Exercise directions -
All of the data is to be set down again without any alteration.

Given data -
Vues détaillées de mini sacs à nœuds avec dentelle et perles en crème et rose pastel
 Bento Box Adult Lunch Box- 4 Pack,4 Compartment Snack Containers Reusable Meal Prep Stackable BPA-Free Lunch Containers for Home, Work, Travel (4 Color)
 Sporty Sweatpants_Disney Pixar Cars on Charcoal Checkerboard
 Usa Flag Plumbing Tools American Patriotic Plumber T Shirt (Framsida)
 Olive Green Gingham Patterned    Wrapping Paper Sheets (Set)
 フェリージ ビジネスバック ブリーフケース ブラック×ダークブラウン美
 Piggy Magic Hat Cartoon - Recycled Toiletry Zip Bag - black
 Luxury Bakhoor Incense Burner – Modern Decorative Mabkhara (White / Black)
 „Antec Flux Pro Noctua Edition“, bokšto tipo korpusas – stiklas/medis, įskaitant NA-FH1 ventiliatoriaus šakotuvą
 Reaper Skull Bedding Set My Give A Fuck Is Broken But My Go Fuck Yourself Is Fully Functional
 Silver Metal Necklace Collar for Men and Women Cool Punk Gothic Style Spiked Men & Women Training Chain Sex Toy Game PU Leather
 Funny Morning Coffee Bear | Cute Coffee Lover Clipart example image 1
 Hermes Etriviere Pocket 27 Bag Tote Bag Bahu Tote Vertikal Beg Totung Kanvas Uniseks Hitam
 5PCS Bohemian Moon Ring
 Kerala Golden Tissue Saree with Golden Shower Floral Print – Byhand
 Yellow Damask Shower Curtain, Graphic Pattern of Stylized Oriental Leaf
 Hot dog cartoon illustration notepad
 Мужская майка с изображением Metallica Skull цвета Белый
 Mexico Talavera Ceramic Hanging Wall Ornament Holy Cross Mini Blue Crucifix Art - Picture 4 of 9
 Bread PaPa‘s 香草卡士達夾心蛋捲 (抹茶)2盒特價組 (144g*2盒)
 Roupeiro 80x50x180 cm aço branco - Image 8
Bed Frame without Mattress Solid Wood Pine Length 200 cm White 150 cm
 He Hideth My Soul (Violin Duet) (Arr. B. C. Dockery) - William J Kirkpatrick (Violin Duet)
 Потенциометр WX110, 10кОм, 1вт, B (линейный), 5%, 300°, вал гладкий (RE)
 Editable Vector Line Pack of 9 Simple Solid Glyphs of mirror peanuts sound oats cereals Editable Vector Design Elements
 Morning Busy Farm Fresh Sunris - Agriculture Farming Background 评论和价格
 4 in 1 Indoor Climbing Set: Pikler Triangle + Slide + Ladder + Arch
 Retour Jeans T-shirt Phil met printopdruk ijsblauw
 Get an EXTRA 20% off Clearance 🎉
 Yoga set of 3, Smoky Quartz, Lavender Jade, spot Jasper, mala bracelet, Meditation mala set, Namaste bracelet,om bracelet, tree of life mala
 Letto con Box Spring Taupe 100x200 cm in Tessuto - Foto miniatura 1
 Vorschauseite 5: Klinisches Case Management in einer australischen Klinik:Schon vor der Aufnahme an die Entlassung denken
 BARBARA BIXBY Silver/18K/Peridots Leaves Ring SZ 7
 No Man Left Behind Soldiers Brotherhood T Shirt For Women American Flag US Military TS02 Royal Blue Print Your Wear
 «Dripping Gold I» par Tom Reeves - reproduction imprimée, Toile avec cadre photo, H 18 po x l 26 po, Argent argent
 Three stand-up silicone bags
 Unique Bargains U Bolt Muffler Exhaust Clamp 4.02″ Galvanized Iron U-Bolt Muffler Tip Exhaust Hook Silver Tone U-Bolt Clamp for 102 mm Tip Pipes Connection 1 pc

Reply to the task -
Vues détaillées de mini sacs à nœuds avec dentelle et perles en crème et rose pastel
 Bento Box Adult Lunch Box- 4 Pack,4 Compartment Snack Containers Reusable Meal Prep Stackable BPA-Free Lunch Containers for Home, Work, Travel (4 Color)
 Sporty Sweatpants_Disney Pixar Cars on Charcoal Checkerboard
 Usa Flag Plumbing Tools American Patriotic Plumber T Shirt (Framsida)
 Olive Green Gingham Patterned    Wrapping Paper Sheets (Set)
 フェリージ ビジネスバック ブリーフケース ブラック×ダークブラウン美
 Piggy Magic Hat Cartoon - Recycled Toiletry Zip Bag - black
 Luxury Bakhoor Incense Burner – Modern Decorative Mabkhara (White / Black)
 „Antec Flux Pro Noctua Edition“, bokšto tipo korpusas – stiklas/medis, įskaitant NA-FH1 ventiliatoriaus šakotuvą
 Reaper Skull Bedding Set My Give A Fuck Is Broken But My Go Fuck Yourself Is Fully Functional
 Silver Metal Necklace Collar for Men and Women Cool Punk Gothic Style Spiked Men & Women Training Chain Sex Toy Game PU Leather
 Funny Morning Coffee Bear | Cute Coffee Lover Clipart example image 1
 Hermes Etriviere Pocket 27 Bag Tote Bag Bahu Tote Vertikal Beg Totung Kanvas Uniseks Hitam
 5PCS Bohemian Moon Ring
 Kerala Golden Tissue Saree with Golden Shower Floral Print – Byhand
 Yellow Damask Shower Curtain, Graphic Pattern of Stylized Oriental Leaf
 Hot dog cartoon illustration notepad
 Мужская майка с изображением Metallica Skull цвета Белый
 Mexico Talavera Ceramic Hanging Wall Ornament Holy Cross Mini Blue Crucifix Art - Picture 4 of 9
 Bread PaPa‘s 香草卡士達夾心蛋捲 (抹茶)2盒特價組 (144g*2盒)
 Roupeiro 80x50x180 cm aço branco - Image 8
Bed Frame without Mattress Solid Wood Pine Length 200 cm White 150 cm
 He Hideth My Soul (Violin Duet) (Arr. B. C. Dockery) - William J Kirkpatrick (Violin Duet)
 Потенциометр WX110, 10кОм, 1вт, B (линейный), 5%, 300°, вал гладкий (RE)
 Editable Vector Line Pack of 9 Simple Solid Glyphs of mirror peanuts sound oats cereals Editable Vector Design Elements
 Morning Busy Farm Fresh Sunris - Agriculture Farming Background 评论和价格
 4 in 1 Indoor Climbing Set: Pikler Triangle + Slide + Ladder + Arch
 Retour Jeans T-shirt Phil met printopdruk ijsblauw
 Get an EXTRA 20% off Clearance 🎉
 Yoga set of 3, Smoky Quartz, Lavender Jade, spot Jasper, mala bracelet, Meditation mala set, Namaste bracelet,om bracelet, tree of life mala
 Letto con Box Spring Taupe 100x200 cm in Tessuto - Foto miniatura 1
 Vorschauseite 5: Klinisches Case Management in einer australischen Klinik:Schon vor der Aufnahme an die Entlassung denken
 BARBARA BIXBY Silver/18K/Peridots Leaves Ring SZ 7
 No Man Left Behind Soldiers Brotherhood T Shirt For Women American Flag US Military TS02 Royal Blue Print Your Wear
 «Dripping Gold I» par Tom Reeves - reproduction imprimée, Toile avec cadre photo, H 18 po x l 26 po, Argent argent
 Three stand-up silicone bags
 Unique Bargains U Bolt Muffler Exhaust Clamp 4.02″ Galvanized Iron U-Bolt Muffler Tip Exhaust Hook Silver Tone U-Bolt Clamp for 102 mm Tip Pipes Connection 1 pc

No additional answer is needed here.